(Instructions to follow) Reproduce nothing but the lines from the one with "Polish Pottery Dinnerware" down to the last line of the data below.

(Records shown)
Start of Block
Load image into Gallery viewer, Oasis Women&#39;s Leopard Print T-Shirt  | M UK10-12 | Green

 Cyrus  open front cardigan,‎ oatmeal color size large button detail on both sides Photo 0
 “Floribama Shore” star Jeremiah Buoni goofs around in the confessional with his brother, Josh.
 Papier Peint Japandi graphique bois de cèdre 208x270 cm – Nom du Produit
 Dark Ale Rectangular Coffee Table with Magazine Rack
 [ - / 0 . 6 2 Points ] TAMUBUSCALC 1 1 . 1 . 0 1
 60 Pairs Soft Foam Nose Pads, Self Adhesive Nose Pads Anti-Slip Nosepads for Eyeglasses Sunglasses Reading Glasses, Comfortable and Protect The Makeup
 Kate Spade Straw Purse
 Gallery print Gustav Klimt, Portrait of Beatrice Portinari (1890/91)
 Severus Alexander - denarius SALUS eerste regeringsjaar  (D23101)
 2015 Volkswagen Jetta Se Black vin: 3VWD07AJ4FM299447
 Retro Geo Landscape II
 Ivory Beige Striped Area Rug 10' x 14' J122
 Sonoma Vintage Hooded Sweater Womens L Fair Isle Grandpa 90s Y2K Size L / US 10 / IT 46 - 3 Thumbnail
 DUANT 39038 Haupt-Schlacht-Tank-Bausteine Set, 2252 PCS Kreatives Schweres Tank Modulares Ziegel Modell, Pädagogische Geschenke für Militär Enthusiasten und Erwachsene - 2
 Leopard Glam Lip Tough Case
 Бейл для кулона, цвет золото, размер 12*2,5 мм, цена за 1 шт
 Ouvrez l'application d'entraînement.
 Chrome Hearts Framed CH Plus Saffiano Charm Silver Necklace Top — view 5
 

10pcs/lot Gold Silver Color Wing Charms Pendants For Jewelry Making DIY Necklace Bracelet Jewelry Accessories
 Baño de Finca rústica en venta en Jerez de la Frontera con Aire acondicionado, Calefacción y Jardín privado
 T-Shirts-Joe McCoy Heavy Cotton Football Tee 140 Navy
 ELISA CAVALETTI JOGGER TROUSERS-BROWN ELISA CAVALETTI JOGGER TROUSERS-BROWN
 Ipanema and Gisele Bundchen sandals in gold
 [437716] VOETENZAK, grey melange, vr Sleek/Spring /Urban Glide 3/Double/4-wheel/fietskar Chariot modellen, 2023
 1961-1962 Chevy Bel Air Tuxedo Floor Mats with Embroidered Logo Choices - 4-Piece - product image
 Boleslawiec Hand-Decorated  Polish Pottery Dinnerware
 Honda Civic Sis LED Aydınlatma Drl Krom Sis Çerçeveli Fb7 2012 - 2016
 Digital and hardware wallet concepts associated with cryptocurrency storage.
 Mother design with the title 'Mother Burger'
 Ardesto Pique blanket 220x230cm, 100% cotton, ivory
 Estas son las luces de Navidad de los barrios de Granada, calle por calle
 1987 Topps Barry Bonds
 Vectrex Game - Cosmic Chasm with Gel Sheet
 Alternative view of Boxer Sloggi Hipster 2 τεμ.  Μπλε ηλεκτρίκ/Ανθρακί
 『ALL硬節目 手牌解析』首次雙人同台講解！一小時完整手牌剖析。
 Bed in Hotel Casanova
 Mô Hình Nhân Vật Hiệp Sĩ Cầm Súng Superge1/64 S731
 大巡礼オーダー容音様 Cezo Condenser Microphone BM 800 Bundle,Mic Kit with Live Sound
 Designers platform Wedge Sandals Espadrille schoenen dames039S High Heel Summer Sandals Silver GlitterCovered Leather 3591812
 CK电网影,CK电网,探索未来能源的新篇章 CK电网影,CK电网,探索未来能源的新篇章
End of Block
(Problem solution)
 Boleslawiec Hand-Decorated  Polish Pottery Dinnerware
 Honda Civic Sis LED Aydınlatma Drl Krom Sis Çerçeveli Fb7 2012 - 2016
 Digital and hardware wallet concepts associated with cryptocurrency storage.
 Mother design with the title 'Mother Burger'
 Ardesto Pique blanket 220x230cm, 100% cotton, ivory
 Estas son las luces de Navidad de los barrios de Granada, calle por calle
 1987 Topps Barry Bonds
 Vectrex Game - Cosmic Chasm with Gel Sheet
 Alternative view of Boxer Sloggi Hipster 2 τεμ.  Μπλε ηλεκτρίκ/Ανθρακί
 『ALL硬節目 手牌解析』首次雙人同台講解！一小時完整手牌剖析。
 Bed in Hotel Casanova
 Mô Hình Nhân Vật Hiệp Sĩ Cầm Súng Superge1/64 S731
 大巡礼オーダー容音様 Cezo Condenser Microphone BM 800 Bundle,Mic Kit with Live Sound
 Designers platform Wedge Sandals Espadrille schoenen dames039S High Heel Summer Sandals Silver GlitterCovered Leather 3591812
 CK电网影,CK电网,探索未来能源的新篇章 CK电网影,CK电网,探索未来能源的新篇章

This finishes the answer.